#### Problem to solve:
Please copy only the material from the line that has "Cheap Camper Grijze" to the very last line, both ends included, exactly as written and without pictures.

#### Given material:
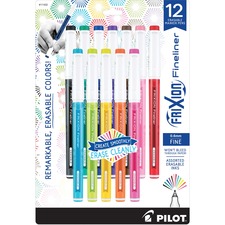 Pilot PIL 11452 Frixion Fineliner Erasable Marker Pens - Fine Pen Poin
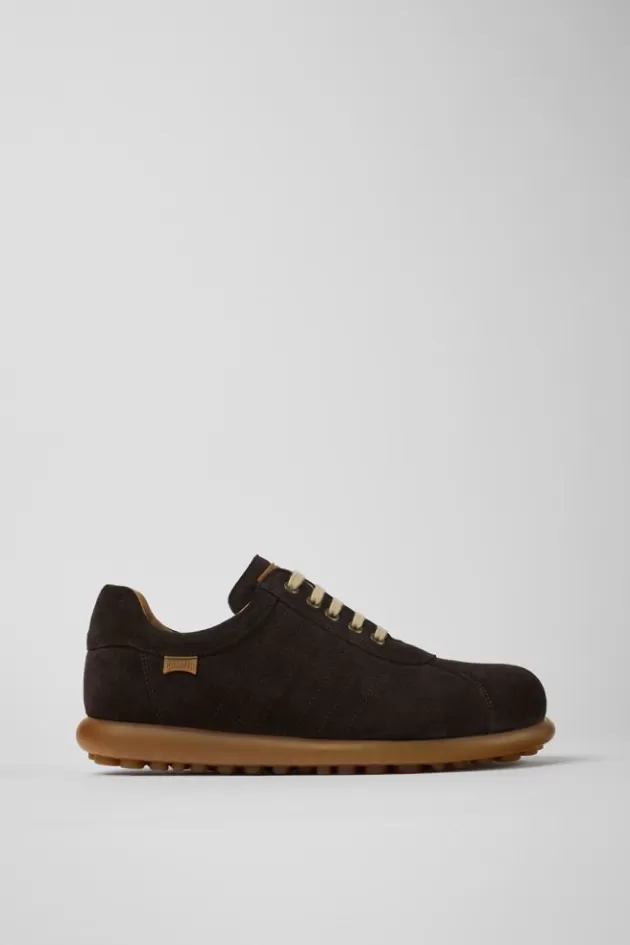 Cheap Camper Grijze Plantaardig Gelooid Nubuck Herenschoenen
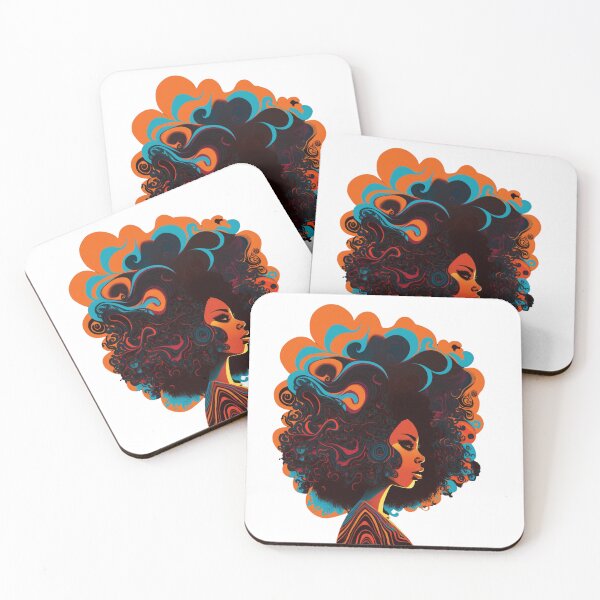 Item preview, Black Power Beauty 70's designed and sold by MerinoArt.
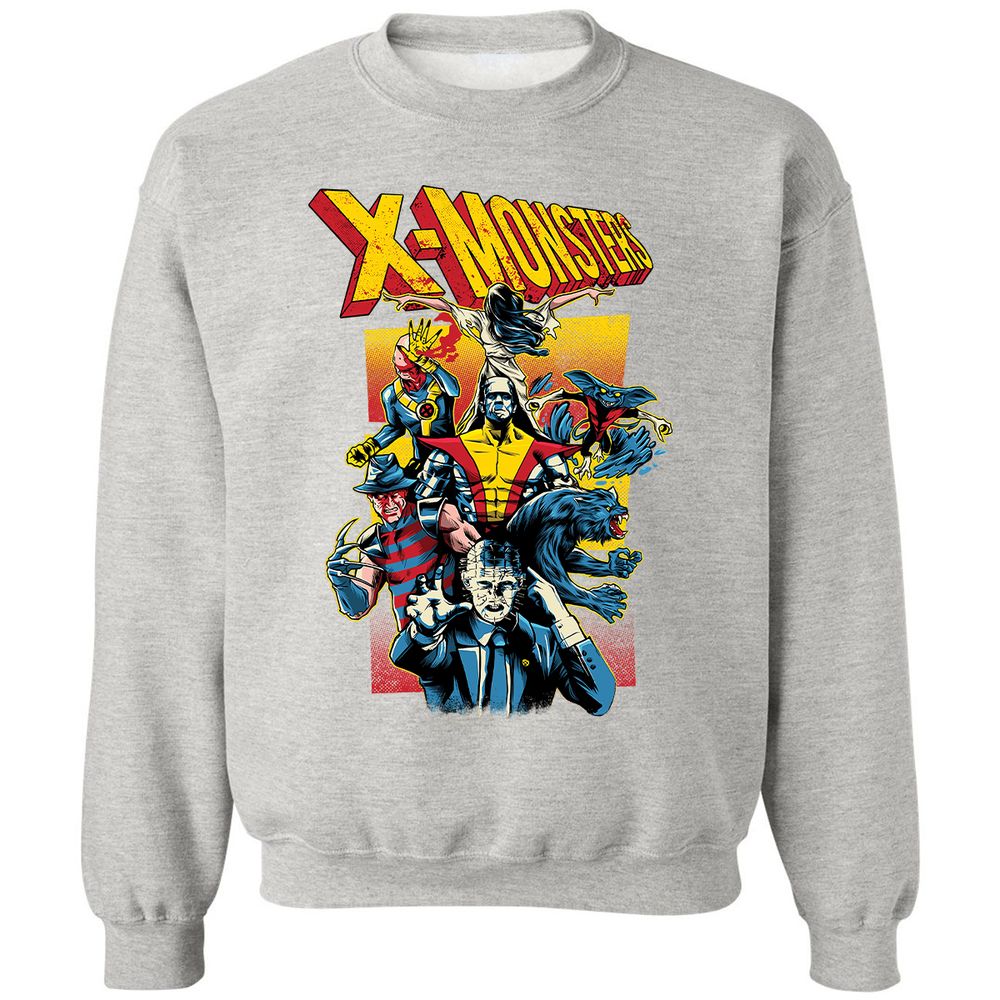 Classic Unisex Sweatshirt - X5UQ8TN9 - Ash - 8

#### Reply:
 Cheap Camper Grijze Plantaardig Gelooid Nubuck Herenschoenen
 Item preview, Black Power Beauty 70's designed and sold by MerinoArt.
 Classic Unisex Sweatshirt - X5UQ8TN9 - Ash - 8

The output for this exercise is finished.